Senyuman Lingga begitu kecut menanggapi cerita Pratama tentang istrinya, sindiran yang terucap dari seniornya tersebut begitu mengena, Alana selama ini memang bersikap begitu baik ke Lingga, menjaga nama baik Lingga dengan begitu sempurna dan yang di lakukan Lingga justru semakin mengecewakan Alana.
Lingga baru menyadari betapa sempurnanya Alana sekarang ini setelah di tonjok kanan kiri dengan semua ucapan sarkas Pratama. Di saat kemarahan dan kebencian begitu besar di rasakan Alana atas kecewa yang dia torehkan, Alana masih bisa menjaga harga diri seorang Lingga. Sedangkan Lingga, bahkan karena panas mendengar Alana terus mengumpat Lingga melayangkan tangannya.

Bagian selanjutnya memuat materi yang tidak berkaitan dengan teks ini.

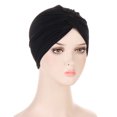 thumbnail image 4 of Women Turbans Knot Pre Tied Bonnet Cap Headwraps Hats, 4 of 4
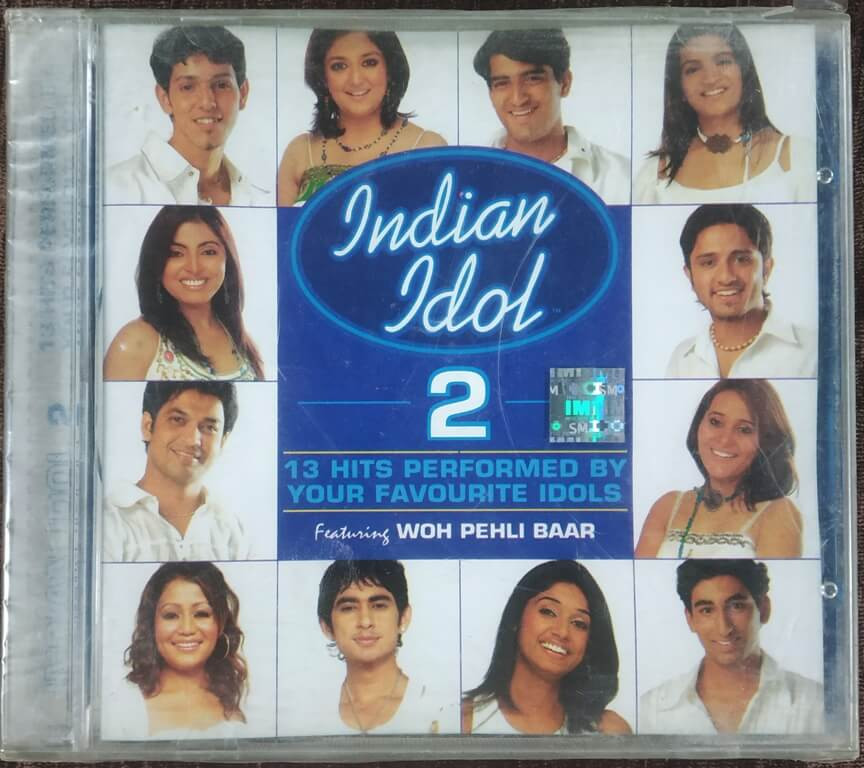 Indian Idol 2 - 13 Hits Performed By Your Favourite Idols (2006) Compilation Pre-Owned Sony & Bmg Music Audio CD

"Aku keterlaluan ya, Bang?"
Susah payah Lingga membuka suaranya, dan apa yang di ucapkan oleh Lingga ini membuat seringai penuh ejekan terlihat di wajah Pratama.
"Banget. Andaikan aku ini dokter Mahesa, mungkin aku akan membunuhmu, Ngga. Tega-teganya kau sama anak perempuan dia satu-satunya."
Dan jawaban ini semakin menusuk Kalingga, Alana bukan hanya menjaga citranya di hadapan umum, bahkan Alana menjaga citranya di hadapan keluarga mereka sendiri, Kalingga yakin kepalanya tidak ada di tempat sekarang ini jika sampai Ayah dan Papa mertuanya tahu kelakuan edannya yang sudah melukai Alana.
"Lalu apa yang harus aku lakuin, Bang? Alana bahkan nggak pulang ke rumah, nggak ada balas pesanku?"
Sungguh Kalingga kini benar-benar kehilangan Alana, sepertinya kini dia mulai merasakan karma atas perbuatannya, selama ini dia yang bersikap dingin terhadap Alana, dan sekarang dia nyaris membeku saat Alana berlaku sama untuk membalasnya.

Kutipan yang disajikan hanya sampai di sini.